───── DATA

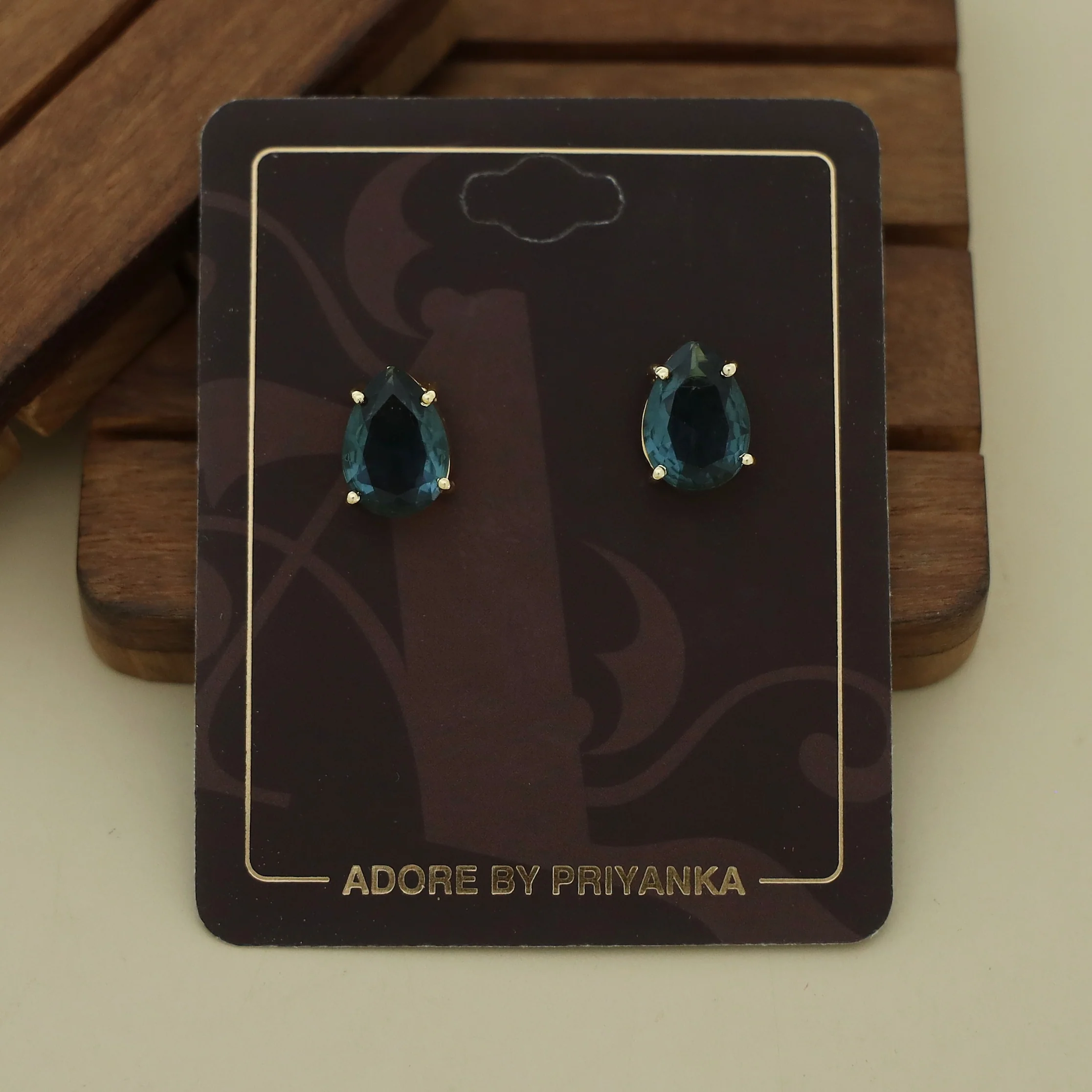 Glossy Rain Drop Claw Stud - Image 18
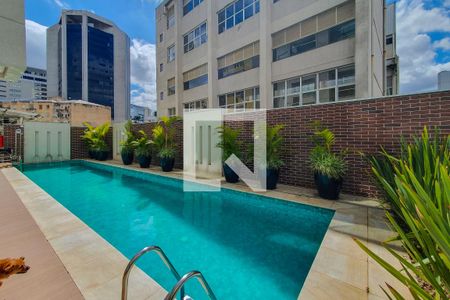 Apartamento à venda com 161m², 2 quartos e 1 vaga Apartamento à venda com 161m², 2 quartos e 1 vagaPiscina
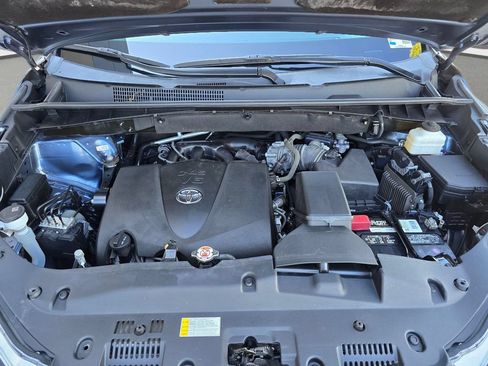 Used 2019 Toyota Highlander XLE AWD/4WD image 35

──────────

• **THE TASK**
Once the line containing "Apartamento à venda com 161m², 2 quartos e 1 vaga Apartamento" is found, write it out exactly along with every line after it through the end of the listing, excluding pictures.

• **SOLUTION TO THE EXERCISE**
 Apartamento à venda com 161m², 2 quartos e 1 vaga Apartamento à venda com 161m², 2 quartos e 1 vagaPiscina
 Used 2019 Toyota Highlander XLE AWD/4WD image 35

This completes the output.